I'm trying to do transfer learning on MobileNetV3-Small using Tensorflow 2.5.0 to predict dog breeds (133 classes) and since it got reasonable accuracy on the ImageNet dataset (1000 classes) I thought it should have no problem adapting to my problem.
I've tried a multitude of training variations and recently had a breakthrough but now my training stagnates at about 60% validation accuracy with minor fluctuations in validation loss (accuracy and loss curves for training and validation below).
I tried using ReduceLROnPlateau
in the 3rd graph below, but it didn't help to improve matters.
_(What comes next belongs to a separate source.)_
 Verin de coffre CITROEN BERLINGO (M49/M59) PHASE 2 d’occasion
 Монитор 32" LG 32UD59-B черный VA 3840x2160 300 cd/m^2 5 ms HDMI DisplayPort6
Can anyone suggest how I could improve the training?
from tensorflow.keras.models import Model
from tensorflow.keras.optimizers import Adam
from tensorflow.keras.callbacks import ModelCheckpoint, ReduceLROnPlateau
from tensorflow.keras.layers import GlobalMaxPooling2D, Dense, Dropout, BatchNormalization
from tensorflow.keras.applications import MobileNetV3Large, MobileNetV3Small
from tensorflow.keras.preprocessing.image import ImageDataGenerator
from PIL import ImageFile
ImageFile.LOAD_TRUNCATED_IMAGES = True # needed for working with this dataset
# define generators
train_datagen = ImageDataGenerator(vertical_flip=True, horizontal_flip=True,
rescale=1.0/255, brightness_range=[0.5, 1.5],
zoom_range=[0.5, 1.5], rotation_range=90)
test_datagen = ImageDataGenerator(rescale=1.0/255)
train_gen = train_datagen.flow_from_directory(train_dir, target_size=(224,224),
batch_size=32, class_mode="categorical")
val_gen = test_datagen.flow_from_directory(val_dir, target_size=(224,224),
batch_size=32, class_mode="categorical")
test_gen = test_datagen.flow_from_directory(test_dir, target_size=(224,224),
batch_size=32, class_mode="categorical")
pretrained_model = MobileNetV3Small(input_shape=(224,224,3), classes=133,
weights="imagenet", pooling=None, include_top=False)
# set all layers trainable because when I froze most of the layers the model didn't learn so well
for layer in pretrained_model.layers:
layer.trainable = True
last_output = pretrained_model.layers[-1].output
x = GlobalMaxPooling2D()(last_output)
x = BatchNormalization()(x)
x = Dense(512, activation='relu')(x)
x = Dense(133, activation='softmax')(x)
model = Model(pretrained_model.input, x)
model.compile(optimizer=Adam(learning_rate=1e-5), loss='categorical_crossentropy', metrics=['accuracy'])
# val_acc with min_delta 0.003; val_loss with min_delta 0.01
plateau = ReduceLROnPlateau(monitor="val_loss", mode="min", patience=5,
min_lr=1e-8, factor=0.3, min_delta=0.01,
verbose=1)
checkpointer = ModelCheckpoint(filepath=savepath, verbose=1, save_best_only=True,
monitor="val_accuracy", mode="max",
save_weights_only=True)
Your code looks good, but it seems to have one issue - you might be rescaling the inputs twice. According to the docs for MobilenetV3:
The preprocessing logic has been included in the mobilenet_v3 model implementation. Users are no longer required (...) to normalize the input data.
Now, in your code, there is:
test_datagen = ImageDataGenerator(rescale=1.0/255)
which essentially, makes the first model layers to rescale, already rescaled values.
The same applies for train_datagen
.
You could try removing the rescale
argument from both train
and test
loaders, or setting rescale=None
.
This could also explain why the model did not learn well with the backbone frozen.